## The task:
Beginning with the line that contains "VINTAGE LONGINES WITTNAUER WATCH 2000", transcribe the rest of the listing below exactly, including its last line, and exclude any pictures.

## Given data:

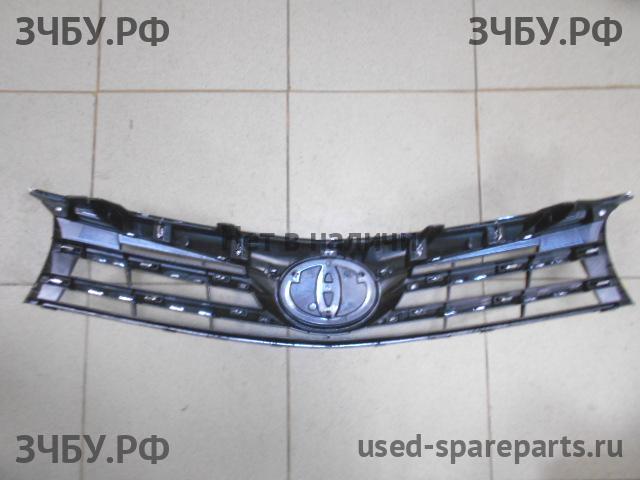 Toyota Corolla (E16 - E17) Решетка радиатора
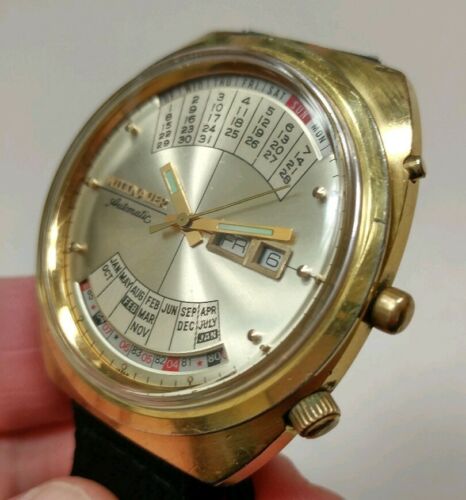 VINTAGE LONGINES WITTNAUER WATCH 2000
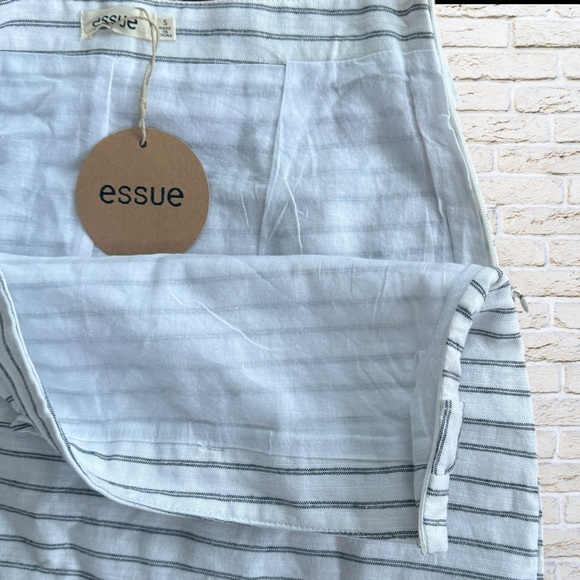 NEW Essue Ruffled Skirt with Black stripes - Size S - Picture 3 of 4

## Answer box:
 VINTAGE LONGINES WITTNAUER WATCH 2000
 NEW Essue Ruffled Skirt with Black stripes - Size S - Picture 3 of 4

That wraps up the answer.